Tourism and travel planning increasingly rely on digital assistance, yet existing multimodal AI systems often lack specialized knowledge and contextual understanding of urban environments. We present TraveLLaMA, a specialized multimodal language model designed for comprehensive travel assistance. Our work addresses the fundamental challenge of developing practical AI travel assistants through three key contributions: (1) TravelQA, a novel dataset of 265k question-answer pairs combining 160k text QA from authentic travel sources, 100k vision-language QA featuring maps and location imagery, and 5k expert-annotated Chain-of-Thought reasoning examples; (2) Travel-CoT, a structured reasoning framework that decomposes travel queries into spatial, temporal, and practical dimensions, improving answer accuracy by 10.8\% while providing interpretable decision paths; and (3) an interactive agent system validated through extensive user studies. Through fine-tuning experiments on state-of-the-art vision-language models (LLaVA, Qwen-VL, Shikra), we achieve 6.2-9.4\% base improvements, further enhanced by Travel-CoT reasoning.
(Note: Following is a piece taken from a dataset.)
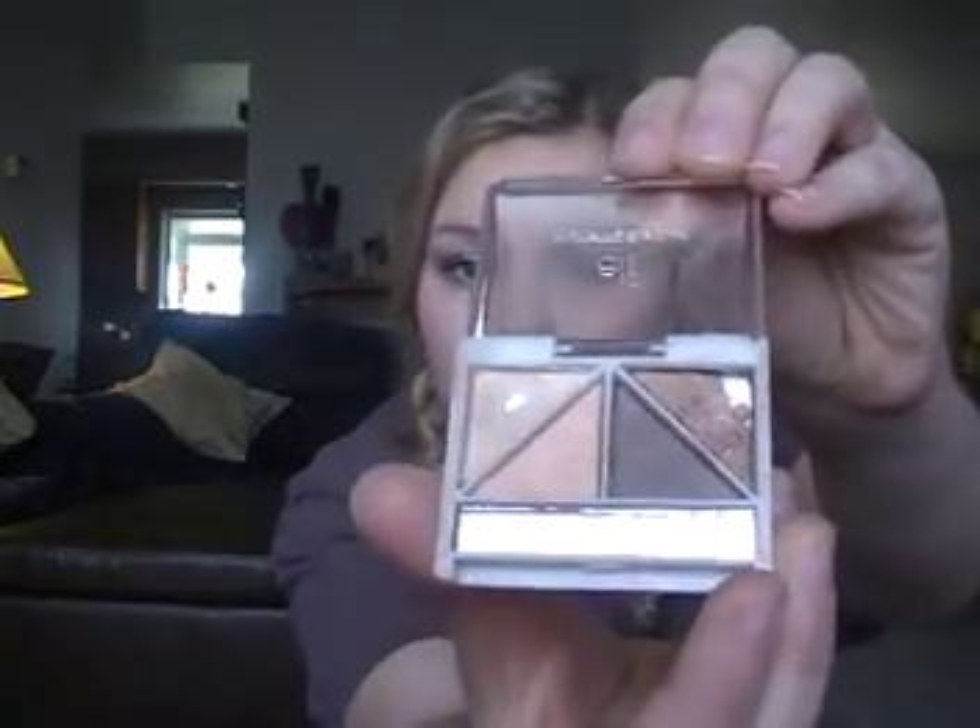I also have a JCPenney salon mirror that has two sides — one close-up and one normal. Next I have two eyeshadow quads, both from e.l.f.: one is the Nouveau Neutrals and the other one is broken — it's the Butternut quad. Next I have my Libra hand sanitizer in frozen daiquiri — it also tells me about what a Libra is.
Our model demonstrates superior capabilities in contextual travel recommendations, map interpretation, and scene understanding while providing practical information such as operating hours and cultural insights. User studies with 500 participants show TraveLLaMA achieves a System Usability Scale score of 82.5, significantly outperforming general-purpose models and establishing new standards for multimodal travel assistance systems.

Paper Structure

This paper contains 11 sections, 5 equations, 5 figures, 4 tables.

Figures (5)

  • Figure 1: TraveLLaMA, an advanced multimodal AI travel assistant that seamlessly processes both text and image-based queries. This powerful system enables travelers to plan trips efficiently by providing contextual responses including human service information, localization details, and personalized recommendations based on visual inputs and textual questions about destinations, sights, and restaurants.
  • Figure 2: The TravelQA dataset features iconic landmarks and destinations across major cities worldwide, connecting locations like San Francisco, New York, Paris, Rome, Berlin, Bangkok, Singapore, Shanghai, and Beijing through a global travel network.
  • Figure 3: TraveLLaMA's data construction and training process combines vision-language and text-based travel QA from diverse global sources through multi-round collection and fine-tuning.
  • Figure 4: TraveLLaMA uses a reasoning and acting process to create travel plans. When a user submits a text-image query, the system could do the reasoning process offline or online, analyzing both components, identifies locations, employs specialized tools through API calls, and generates detailed itineraries with budget calculations matching user requirements.
  • Figure 5: Comparison between TraveLLaMA and Claude 3.5 shows that TraveLLaMA provides more accurate and detailed travel information in these location-based examples.